Problem to solve:
Copy the listing as it is written, and leave each picture out.

Supplied material:
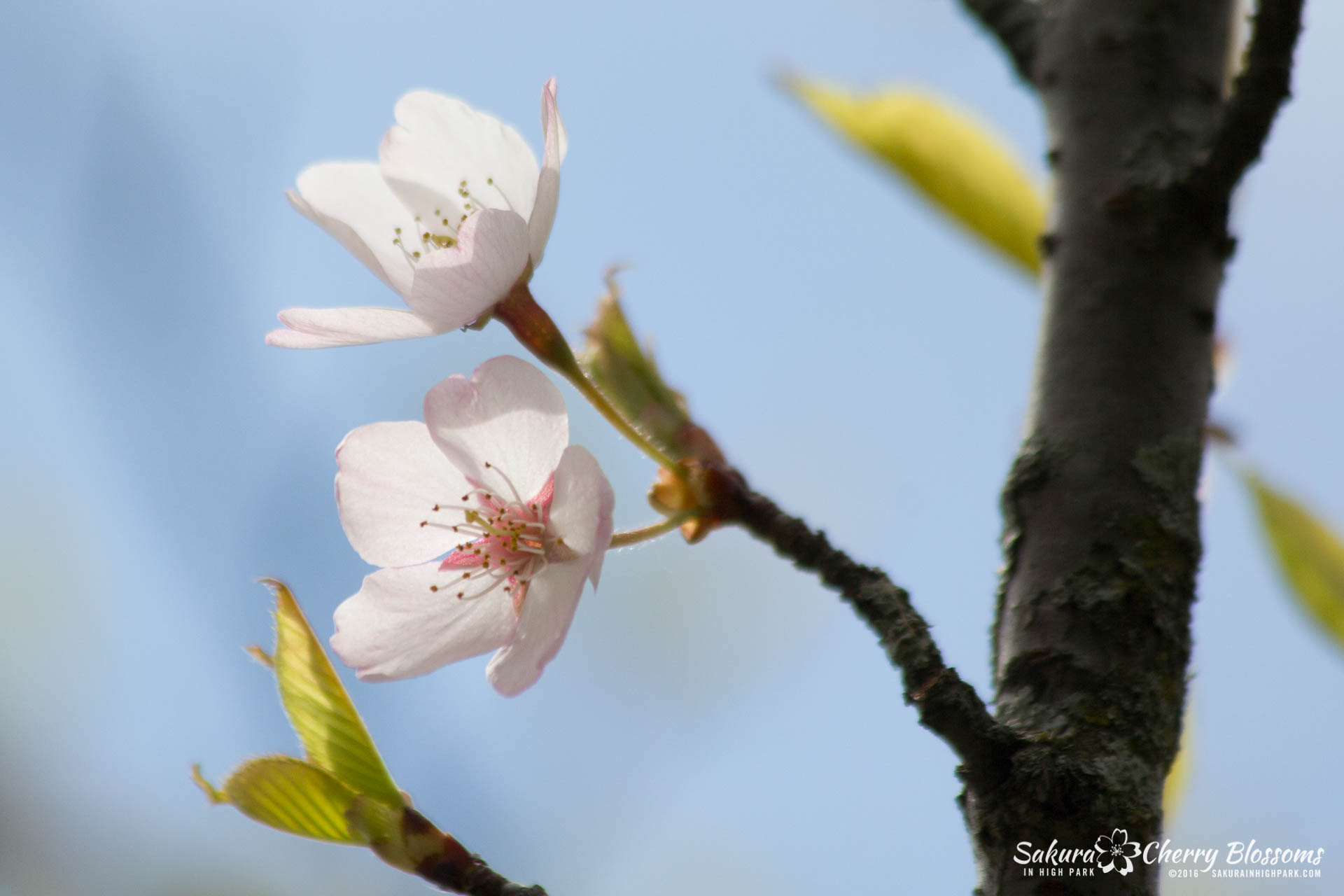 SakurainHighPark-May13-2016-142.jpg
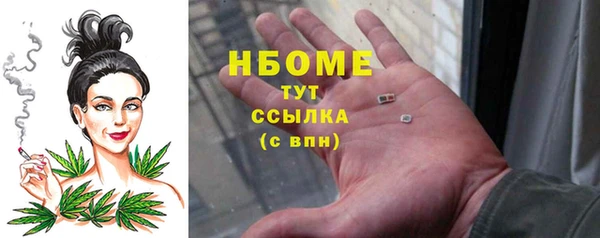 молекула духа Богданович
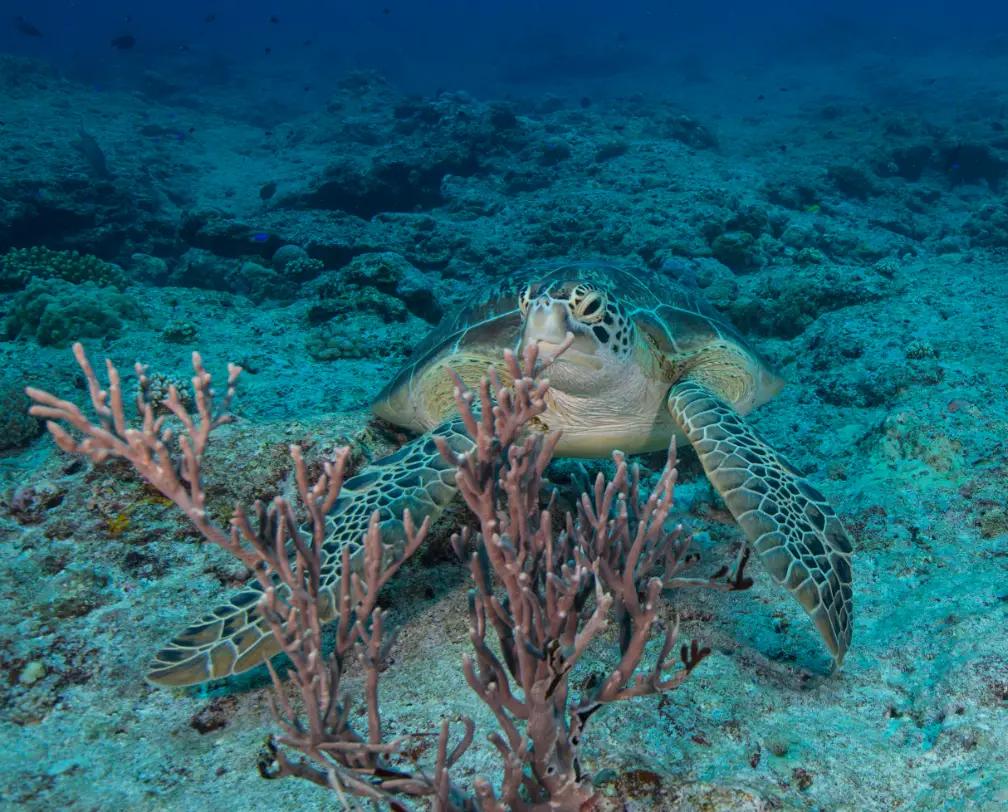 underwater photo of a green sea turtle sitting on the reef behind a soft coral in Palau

Output below:
 SakurainHighPark-May13-2016-142.jpg
 молекула духа Богданович
 underwater photo of a green sea turtle sitting on the reef behind a soft coral in Palau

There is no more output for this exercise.